Azure Media Services REST v3 API enables you to analyze audio and video content. To analyze your content, you create a Transform and submit a Job that uses one of these presets: AudioAnalyzerPreset or VideoAnalyzerPreset.
AudioAnalyzerPreset enables you to extract multiple audio insights from an audio or video file. The output includes a JSON file (with all the insights) and VTT file for the audio transcript. This preset accepts a property that specifies the language of the input file in the form of a BCP47 string. The audio insights include:
Audio transcription – a transcript of the spoken words with timestamps. Multiple languages are supported
Speaker indexing – a mapping of the speakers and the corresponding spoken words
Speech sentiment analysis – the output of sentiment analysis performed on the audio transcription
Keywords – keywords that are extracted from the audio transcription.

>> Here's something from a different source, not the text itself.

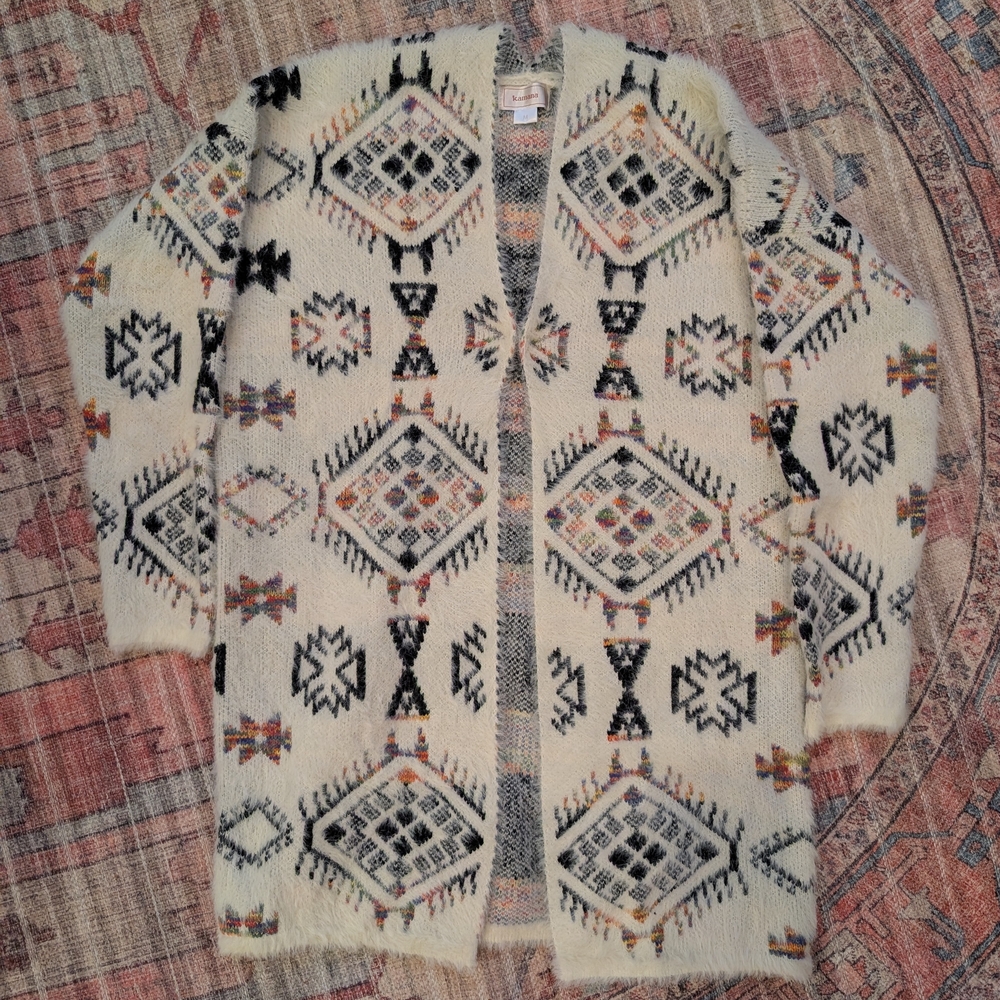 Kamana Geometric Sweater - Women's Medium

VideoAnalyzerPreset enables you to extract multiple audio and video insights from a video file. The output includes a JSON file (with all the insights), a VTT file for the video transcript, and a collection of thumbnails. This preset also accepts a BCP47 string (representing the language of the video) as a property. The video insights include all the audio insights mentioned above and the following additional items:
Face tracking – the time during which faces are present in the video. Each face has a face id and a corresponding collection of thumbnails
Visual text – the text that is detected via optical character recognition. The text is time stamped and also used to extract keywords (in addition to the audio transcript)
Keyframes – a collection of keyframes that are extracted from the video
Visual content moderation – the portion of the videos that have been flagged as adult or racy in nature
Annotation – a result of annotating the videos based on a pre-defined object model
The output includes a JSON file (insights.json) with all the insights that were found in the video or audio. The json may contain the following elements:
The line ID.
The transcript itself.
The transcript language. Intended to support transcript where each line can have a different language.
A list of time ranges where this line appeared. If the instance is a transcript, it will have only 1 instance.